The O-Linked-N-acetylglucosamine (O-GlcNAc) modification of proteins is one of the most abundant in eukaryotes. It is very sensitive to glucose levels and environmental conditions and therefore has the potential to lead environmentally-induced epigenetic changes. In C. elegans, prominent peaks of O-GlcNAc were identified close to transcription start sites (TSS) of many metabolic genes by ChIP/chip, although the identitiy of the O-GlcNAc modified protein is unknown (Love et al.,2010). We described a negative regulation of transcription of growth-related and metabolic genes by the conserved chromatin-binding factor ZFP-1 and its interacting partner the histone methyltransferase DOT-1.1 (Mansisidor et al.,2011; Cecere et al., 2013). Intriguingly, ZFP-1 and DOT-1.1 ChIP-chip peaks significantly overlap with O-GlcNAc ChIP-chip peaks at TSS of active genes. Although our extensive analyses determined that ZFP-1 and DOT1.1 do not carry this modification, we have found that the level of O-GlcNAc on chromatin is elevated in zfp-1 mutant worms, which correlates with the increased transcription of ZFP-1 target genes.

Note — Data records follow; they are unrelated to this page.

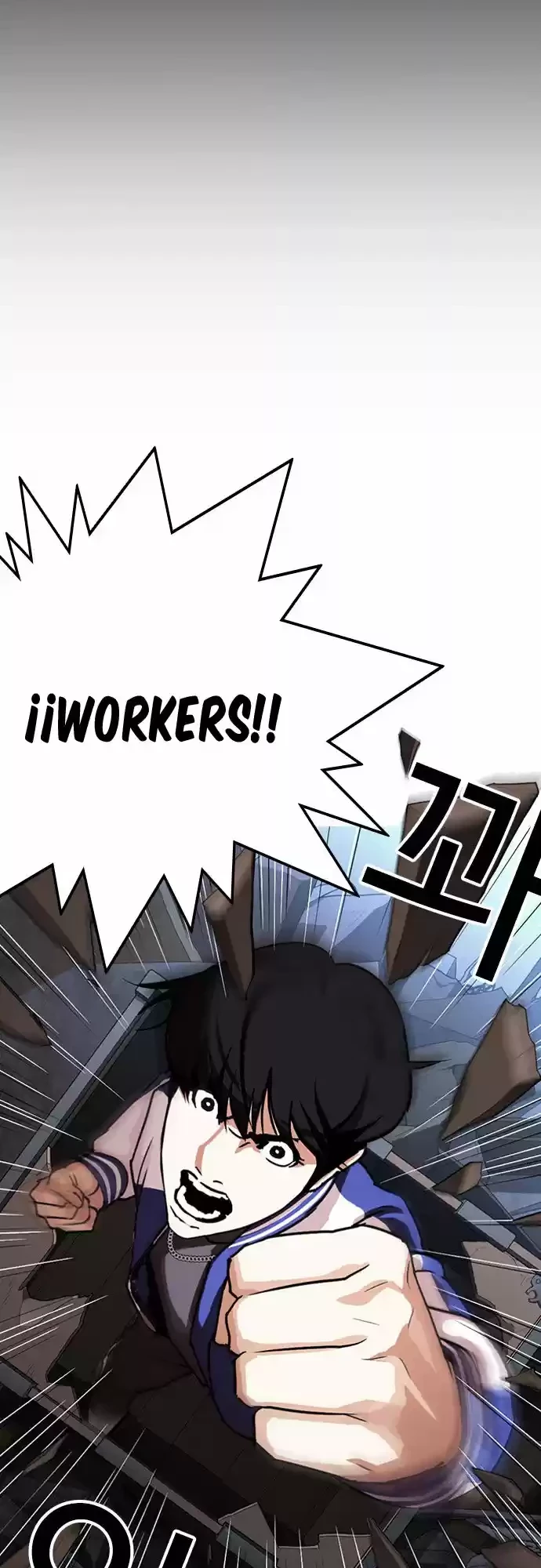 Nueva Cara  > Capitulo 290 > Page 51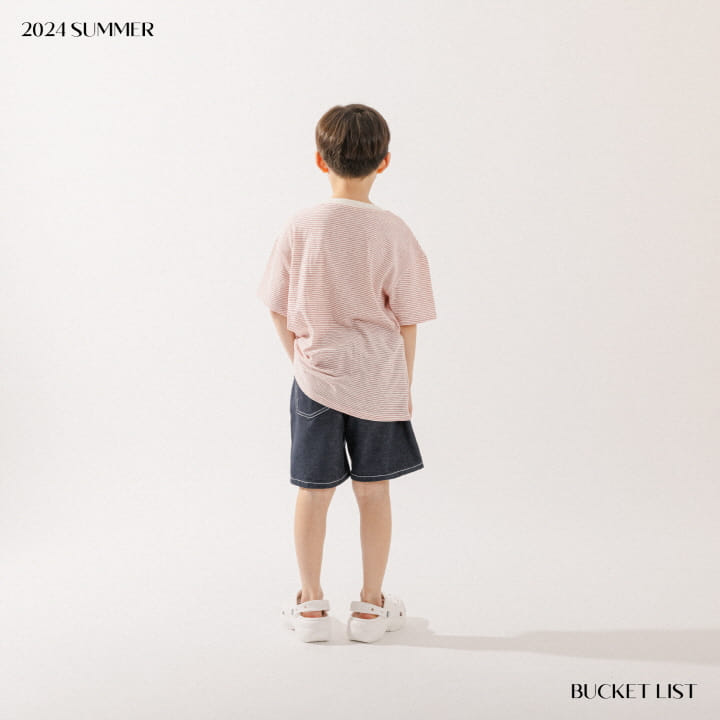 Bucket List - Korean Children Fashion - #prettylittlegirls - Simple C Shorts - 7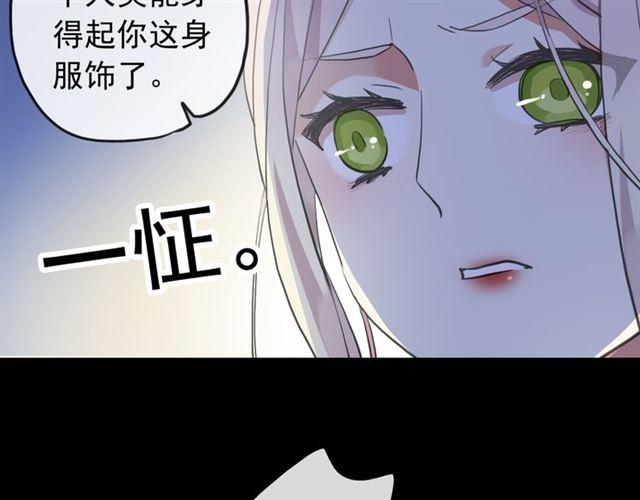 《甜美的咬痕》漫画最新章节誓约篇 第27话 交易达成！免费下拉式在线观看章节第【25】张图片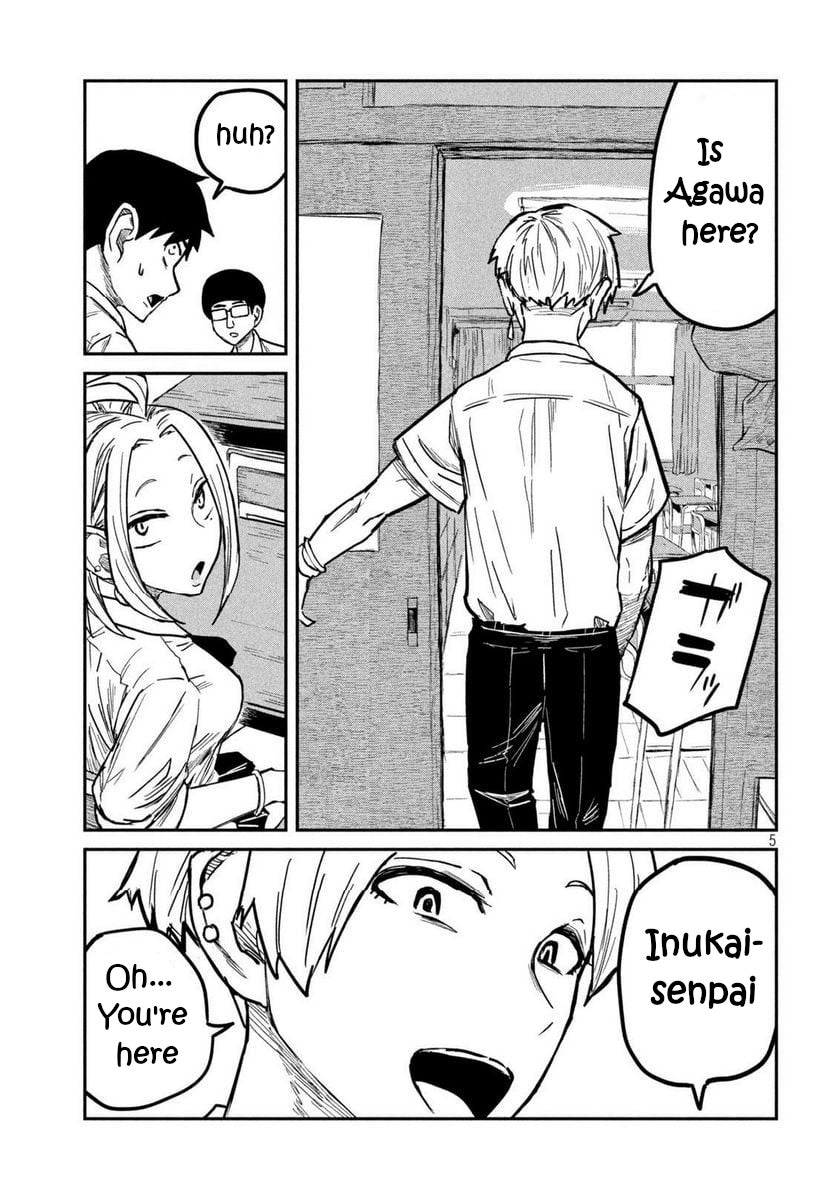 Dare Demo Dakeru Kimi Ga Suki chapter 9 page 5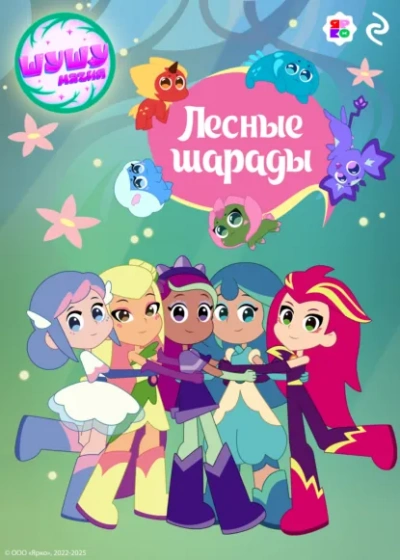 Шушумагия. Лесные шарады - Елена Усачева - Слушать Любимую Книгу + Без Рекламы Slushat-Knigi.Com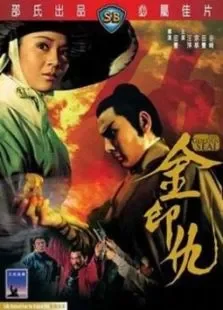 金印仇电影海报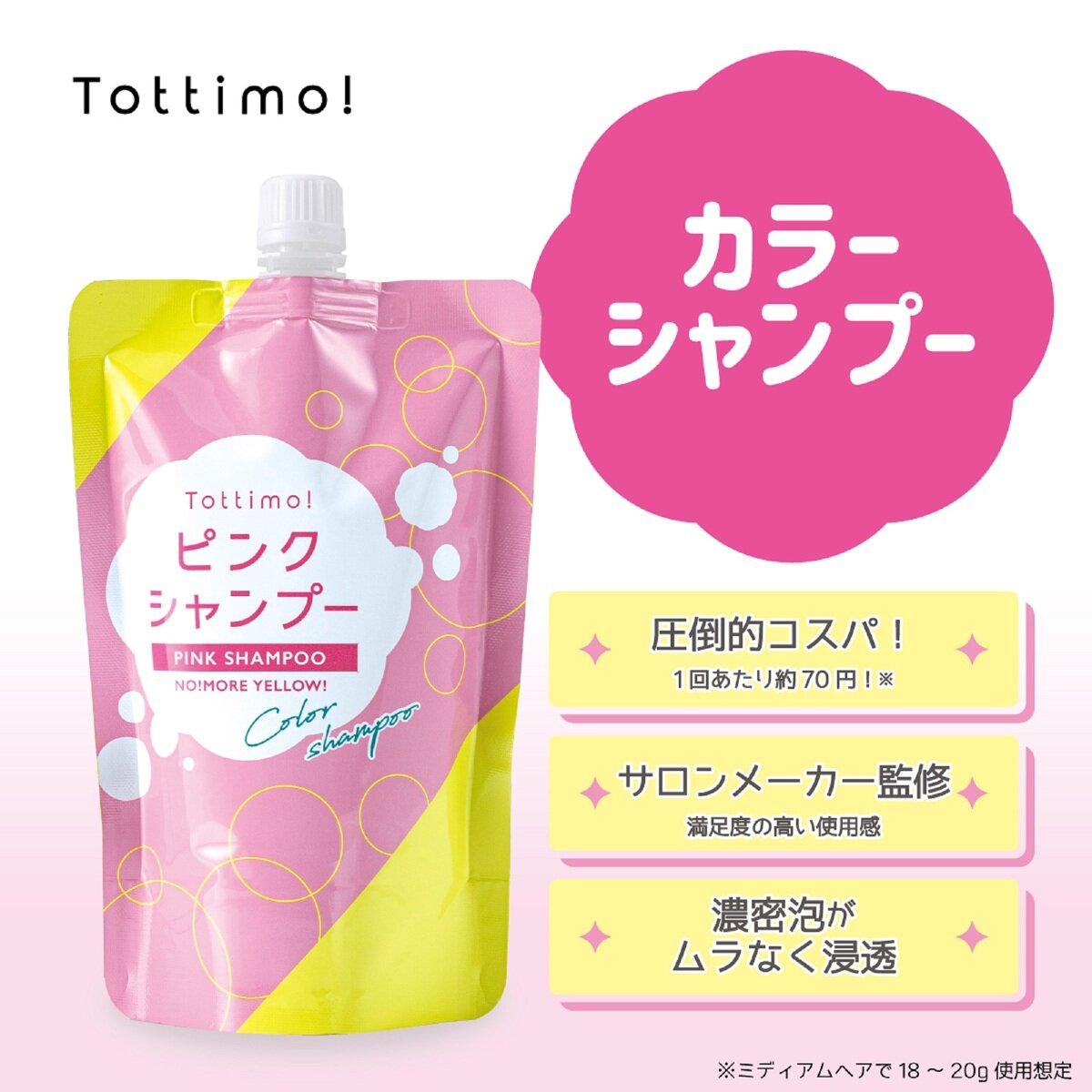MOTONIMO 01.02、シャンプートリートメントセット 250ml MOTONIMO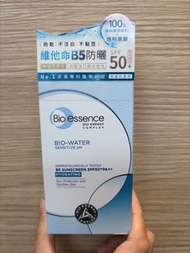 Bio essence B5防曬 40ml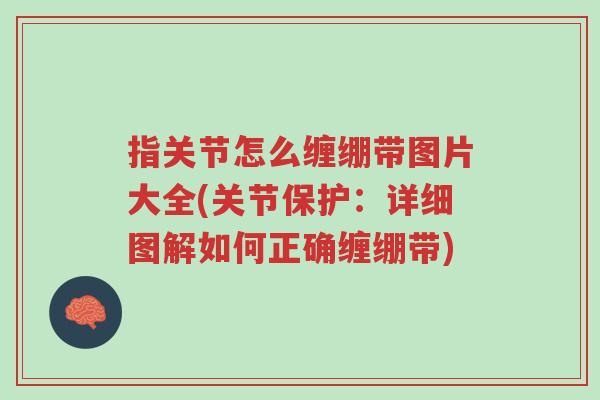指关节怎么缠绷带图片大全(关节保护:详细图解如何正确缠绷带)-第1张图片-超越 指关节怎么缠绷带图片大全(关节保护:详细图解如何正确缠绷带)-第1张图片-超越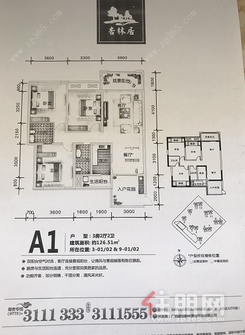 【A1户型126.51㎡】3室2厅2卫1厨2阳台
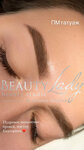 Beauty Lady (Kutuzova Street, 39), beauty salon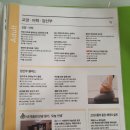 홈플러스(주) 울산북구점 Daum카페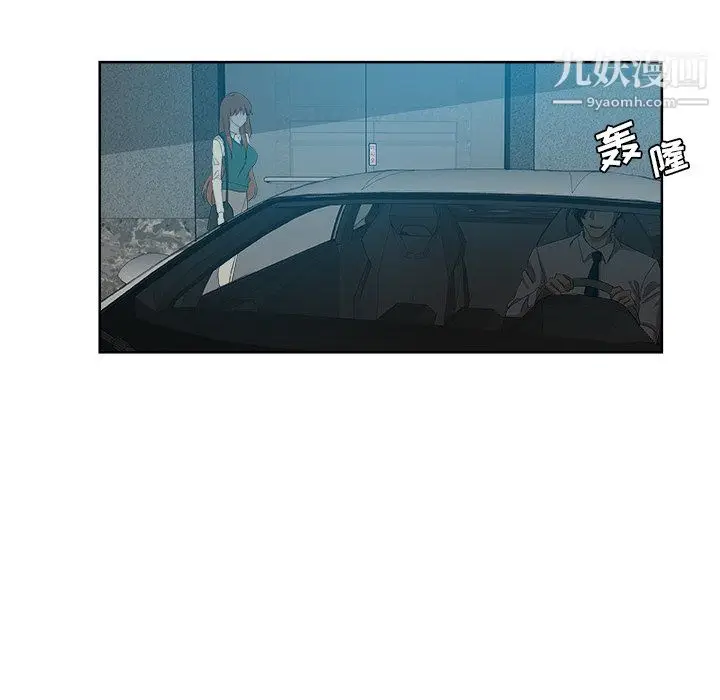 漫画《危险纯友谊》第28话第36张图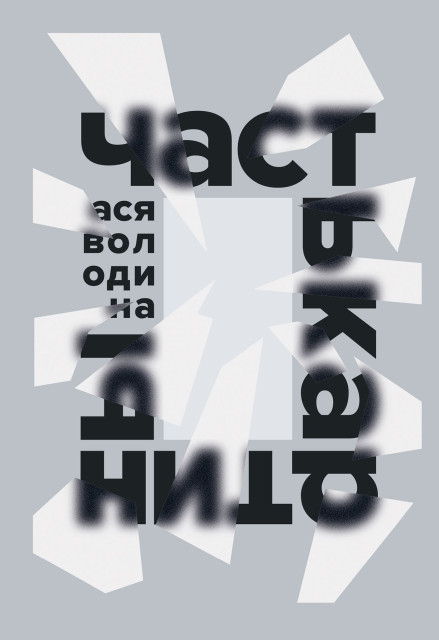 Книги издательства Альпина Паблишер | Купить в интернет-магазине по ...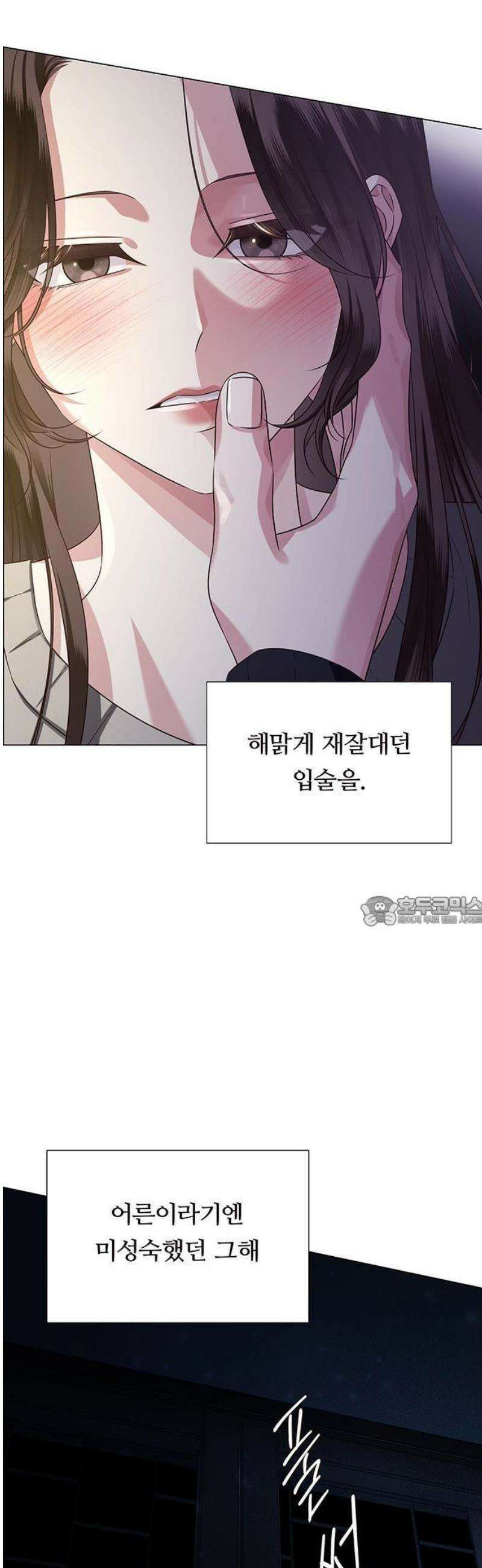 첫 고백 1화 - 10년만에 다시 13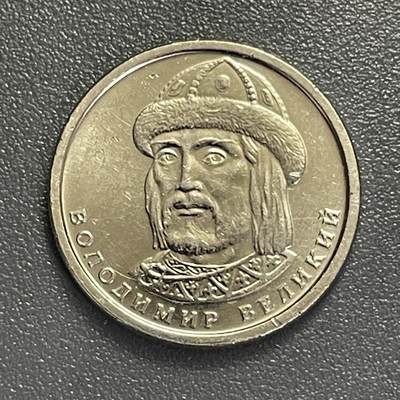 回流0405 - 乌克兰2020年1格里夫纳 弗拉基米尔大公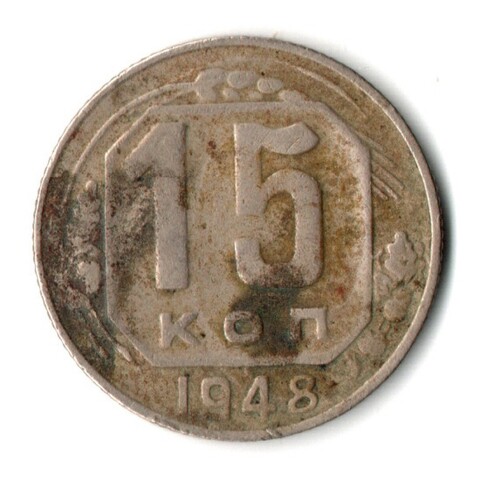 15 копеек 1948 год СССР VF-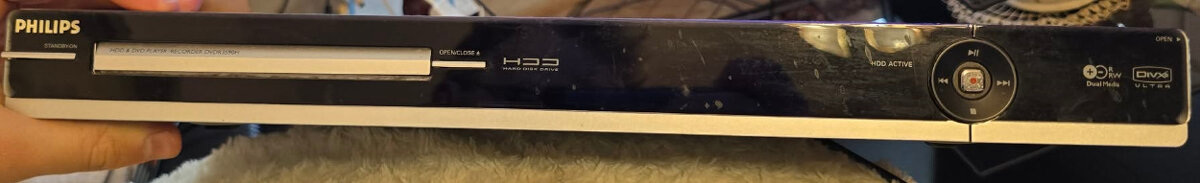 DVD rekorder Philips - 2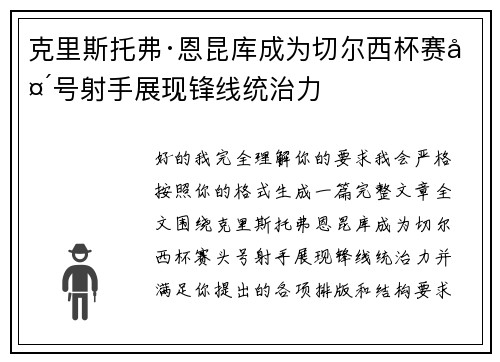 克里斯托弗·恩昆库成为切尔西杯赛头号射手展现锋线统治力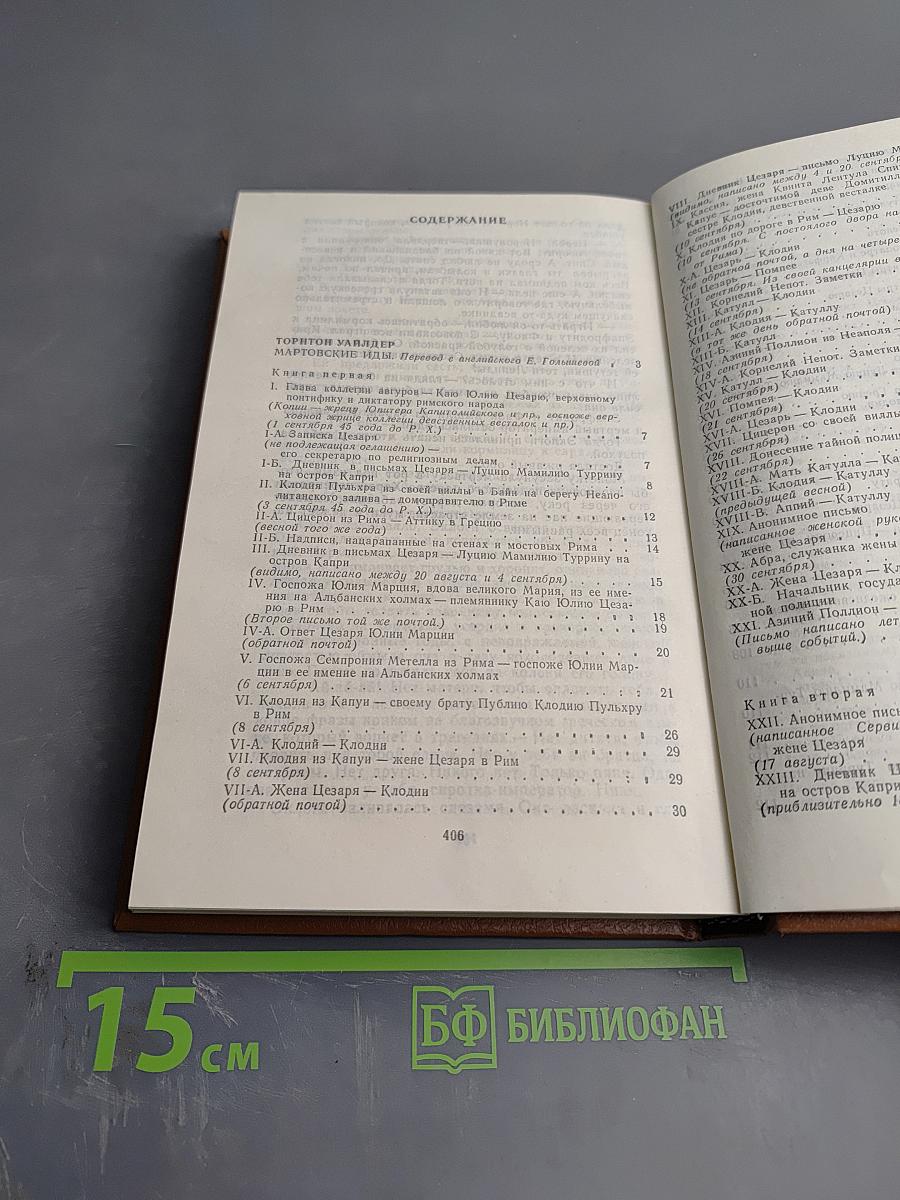 Жизнь и смерть двух цезарей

On the other hand, we have determined that promoter-localized O-GlcNAc stimulates transcription of the same genes. These results indicate that ZFP-1 and O-GlcNAc have opposite roles in regulating transcription of metabolic genes. We are currently focusing on a candidate protein modified by O-GlcNAc and will present our progress in understanding its interplay with the ZFP-1/DOT-1.1 complex at the glucose-responsive promoters.